Perhaps more than any other people, the Japanese import words from other languages for their daily use, nearly always taking them from English. But after they’ve changed the words to conform to their unique sensibilities, what’s left isn’t always English that you or I could identify. First of all, long English words can be unwieldy in katakana, so they’re often shortened to four syllables that encapsulate the core meaning, which is where words like risutora (corporate restructure, i.e. layoffs), sekuhara (sexual harassment in the workplace) and ganpura (Gundam plastic models) come from. Then there are words that the Japanese create because they don’t know how silly they can sound to naive speakers. Some of these words include “fancy shop” (a store that sells cute character goods like Hello Kitty); “guts pose” (the manly pose an athlete might make); “car navi” (a GPS system for your car); “charm point” (a person’s positive features); and “skinship” (the good skin-on-skin feeling of a father holding his baby in the bath). So when you come to Japan, you need to do more than learn Japanese — you may need to learn some English, too.
Part of the reason I enjoyed learning Japanese in college is that the grammar and structure are so very different from English — there was less potential for confusion than if I’d studied, say, French (or at least it seemed that way to me at the time). The word order of Japanese is subject-object-verb, compared with the subject-verb-object in English, which took some getting used to. Something that seems unique to the Japanese language is the existence of grammatical “particles” or verbal markers for parts of sentences, such as the object, conveniently o (as in sushi o taberu, to eat sushi); no, a marker for showing ownership or association (Keiko no okaasan, Keiko’s mother); and ni, a particle showing direction (anata ni ageru, I will give it to you). Two of the more troublesome grammatical elements for students are wa and ga, which mark the topic and subject of a sentence, respectively, and which many students never seem to quite figure out on a conscious level — in fact, I am one of them, even though I’m fluent in the langauge. Although the two are often interchangeable, wa is the wider subject of the sentence (often omitted), and ga acts like a “second subject” or object — it’s easy to think too much about it. A sentence that uses both would be watashi wa sushi ga suki desu, literally “As for me, I like sushi.” Japanese people seldom know anything about their own grammar so if you want to confuse one, ask them to explain the difference between wa and ga. (Oh and by the way, this is a different wa than the wa (和) meaning harmony.)

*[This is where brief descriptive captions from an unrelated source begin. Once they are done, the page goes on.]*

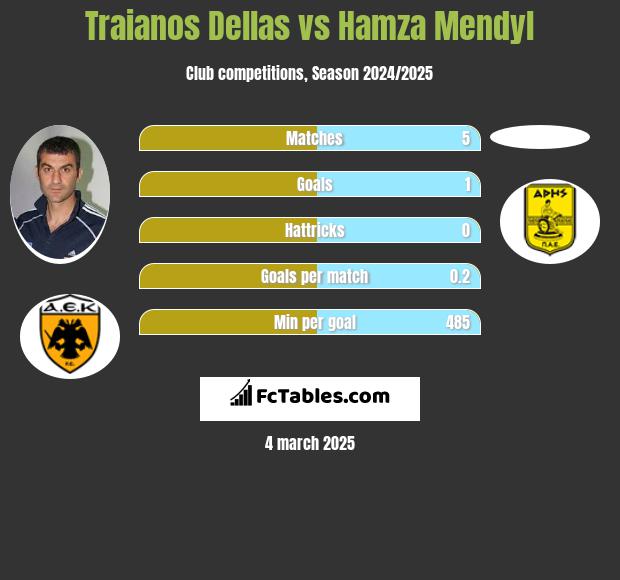 Traianos Dellas vs Hamza Mendyl h2h player stats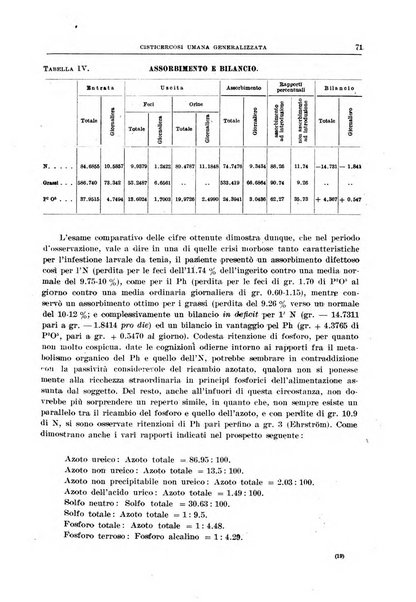 Il policlinico. Sezione medica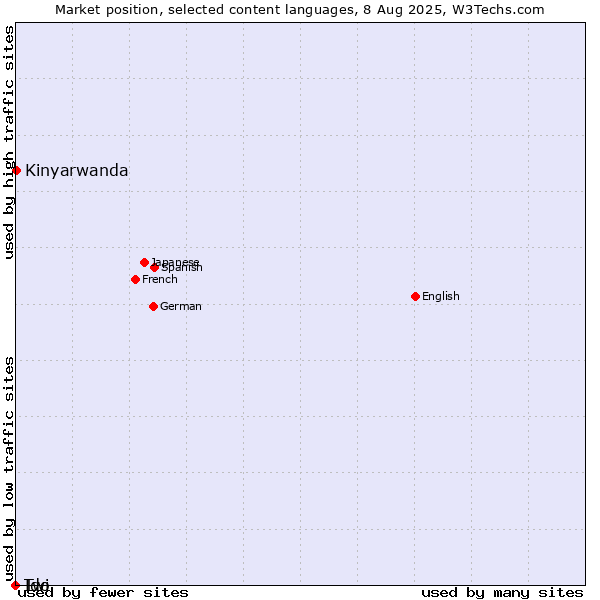 Market position of Kinyarwanda vs. Twi vs. Ido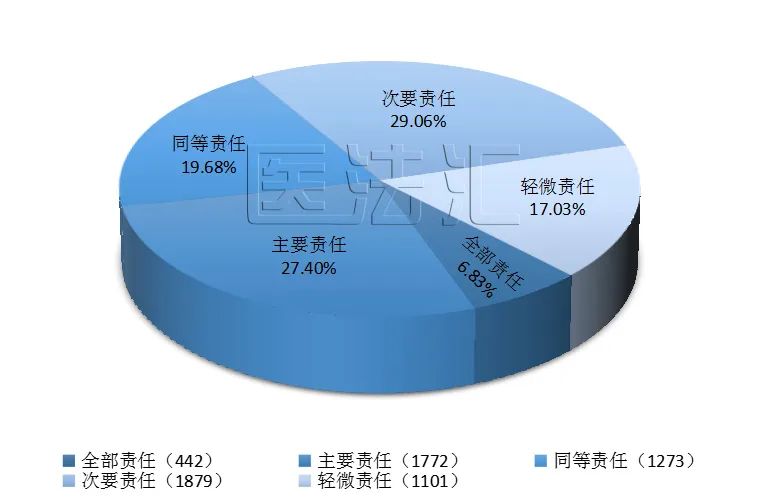 医法汇医疗损害责任纠纷案件,医疗损害鉴定听证会陈述视频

One of the rules of Japanese cleanliness is that anything related to feet or shoes is kitanai (dirty, unclean), and shoes are always left at a special recessed area near the front door called the genkan. The custom of putting shoes near the front door can lead to some interesting social interaction that we couldn’t conceive of in the States. For example, a genkan full of shoes is an immediate signal that a party is going on, and if a girlfriend drops by her boyfriend’s apartment and sees a strange set of woman’s shows there, she knows without going inside that he’s fooling around. In Doushin – Same Heart, a dating-sim game that will be released in English soon, there’s a sub-plot where one of the characters sees her sister’s shoes in the genkan despite the fact that the lights in the house are off — she immediately knows that her sister must be up in her room, and that something must be wrong.